DATA FOR ANALYSIS>
---
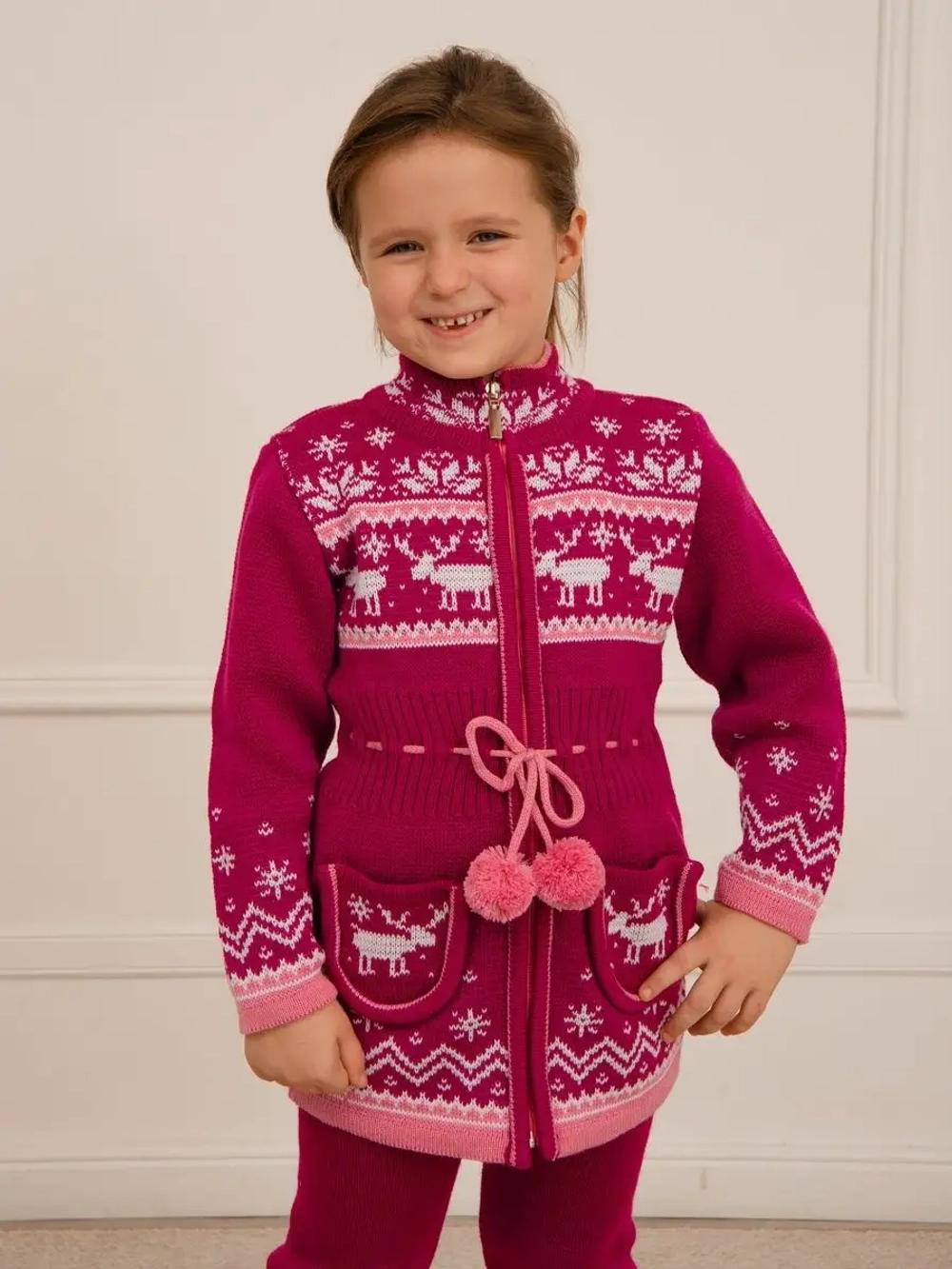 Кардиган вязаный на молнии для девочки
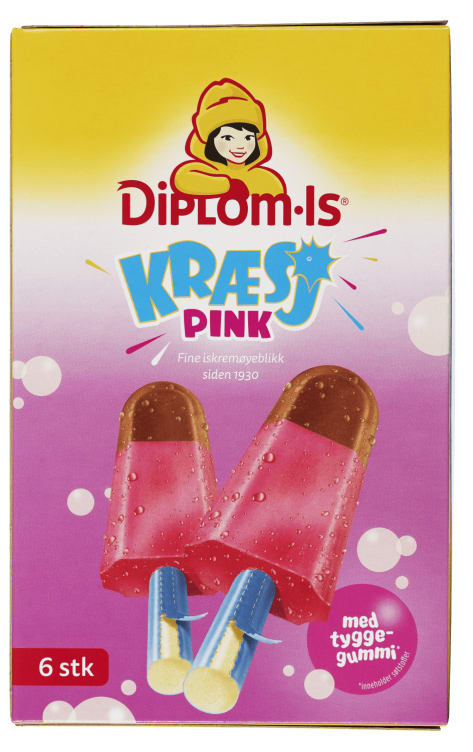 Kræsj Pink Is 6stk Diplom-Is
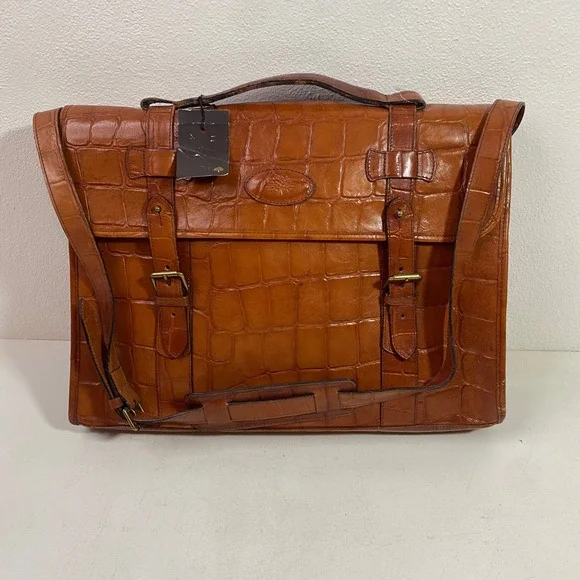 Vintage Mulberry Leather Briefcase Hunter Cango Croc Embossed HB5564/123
---
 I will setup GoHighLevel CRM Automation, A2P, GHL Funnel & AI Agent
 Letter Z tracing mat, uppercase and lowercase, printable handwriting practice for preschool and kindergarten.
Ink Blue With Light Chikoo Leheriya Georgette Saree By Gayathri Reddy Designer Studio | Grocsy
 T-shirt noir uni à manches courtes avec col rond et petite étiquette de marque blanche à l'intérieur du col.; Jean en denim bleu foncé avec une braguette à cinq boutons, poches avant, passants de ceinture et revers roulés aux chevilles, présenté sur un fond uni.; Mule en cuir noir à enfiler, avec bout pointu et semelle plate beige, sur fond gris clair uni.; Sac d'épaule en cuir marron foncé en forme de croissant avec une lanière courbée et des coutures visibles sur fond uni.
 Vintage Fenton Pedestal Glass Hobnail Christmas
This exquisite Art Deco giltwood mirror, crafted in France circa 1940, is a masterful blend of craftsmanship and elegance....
---
WHAT THE TASK ASKS>
In the data above, find the line containing "Кардиган вязаный на молнии для девочки" and the line containing "Vintage Mulberry Leather". Copy exactly the stretch from the first through the second, both included, leaving out any picture.

ANSWER SECTION>
 Кардиган вязаный на молнии для девочки
 Kræsj Pink Is 6stk Diplom-Is
 Vintage Mulberry Leather Briefcase Hunter Cango Croc Embossed HB5564/123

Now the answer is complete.